MB&F(Maximilian Busser & Friendsの略)は、2005年にスイスで創業。社名は、マキシミリアン・ブッサー(Maximilian Busser)創業者に由来する。伝統的なウオッチメーカーの枠を超え、キネティックアート(動きを取り入れた、もしくは動くように見える芸術作品)を創作するというビジョンを掲げており、革新的なコンセプトウオッチの設計と製作を専門としている。スイス・ジュネーブとドバイに“M.A.D.ギャラリー”と呼ばれる店舗を構えるほか、ショップインショップの“M.A.D.ラボ”をフランス・パリ、米国・ラスベガス、台湾・台北、シンガポールに出店。また、時計の専門店でも販売している。価格帯は、ハイエンドな商品が6万~50万スイスフラン(約1000万〜8400万円)、21年に発表したより手頃なラインはおよそ3000スイスフラン(約50万円)。23年の売上高は4540万スイスフラン(約76億円)だった。
MB&Fの今後の経営体制は?
ブッサー創業者は株式の60%を、同氏のビジネスパートナーであるセルジュ・クリクノフ(Serge Kriknoff)R&Dおよび生産部門責任者は15%を保有している。両氏は今後も経営全般と創作を指揮するほか、シャリス・ヤディガログルー(Charris Yadigaroglou)=マーケティングおよび広報部門責任者とティボー・ヴェルドンク(Thibault Verdonckt)販売部門責任者も続投する。
シャネルのフレデリック・グランジェ(Frederic Grangie)時計・宝飾部門社長は、「独立性、創造性、卓越性という同じ価値観を持つMB&Fとの戦略的パートナーシップの締結をうれしく思う。専門的なノウハウと知識を維持、開発、投資し続ける長期的な戦略の一環であり、高級腕時計の製造における当社のポジションをさらに強化するものだ」と語った。

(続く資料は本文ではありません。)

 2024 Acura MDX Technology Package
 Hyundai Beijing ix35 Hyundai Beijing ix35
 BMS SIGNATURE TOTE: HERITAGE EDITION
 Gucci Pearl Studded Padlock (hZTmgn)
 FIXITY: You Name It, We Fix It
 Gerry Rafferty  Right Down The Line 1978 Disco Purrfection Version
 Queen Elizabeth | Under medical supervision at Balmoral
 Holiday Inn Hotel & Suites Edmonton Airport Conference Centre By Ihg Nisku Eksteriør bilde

ブッサー創業者は、「現在の非常に恵まれた状況と最高の経営陣の下、長期的な未来を確固たるものにするための大きな一歩を踏み出すことは私たちに課された責任であり、来年創業20年を迎える当社にとって自然な進化だ。シャネルの投資により、当社は成長に関する圧力を受けることなく今後も独立した道を歩みつつ、必要に応じてシャネルのウオッチ製造エコシステムにアクセスできるため、事業をいっそう強化することが可能だ」と述べた。

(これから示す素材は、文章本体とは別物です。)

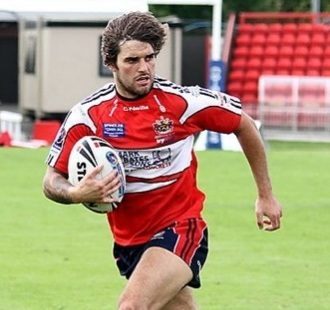 Carl Forber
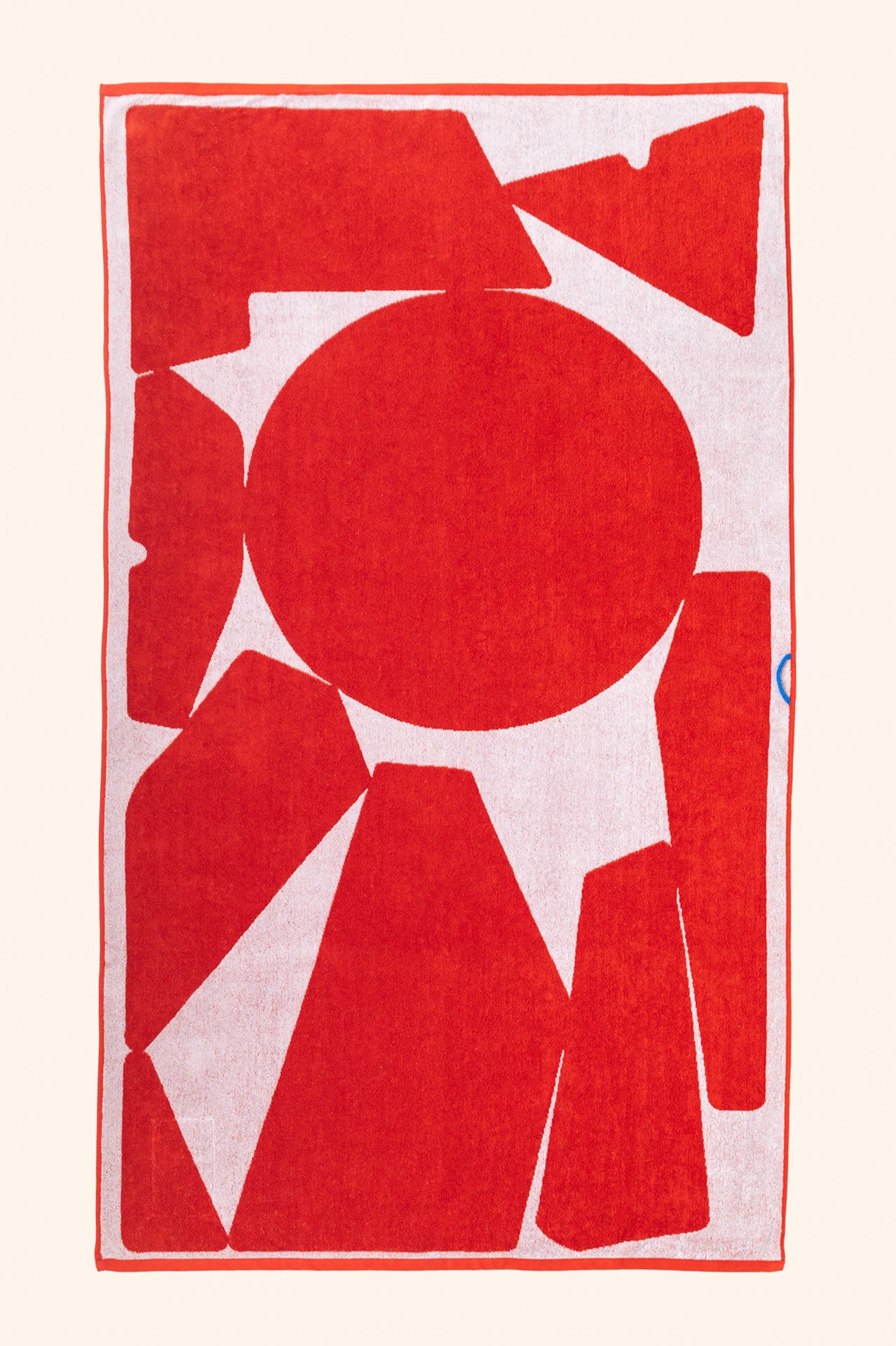 Bric beach towel - 100x180 – Hello Volver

シャネルは、1987年にアイコニックなウオッチ“プルミエール(PREMIERE)”を発表し、時計分野に進出。これまでも高級時計メーカーに投資しており、98年にべル&ロス(BELL & ROSS)、2011年にローマン ゴーティエ(ROMAIN GAUTHIER)、18年9月にモントル ジュルヌ(MONTRES JOURNE)の株式を取得しているが、取得額や持株数などは明らかにしていない。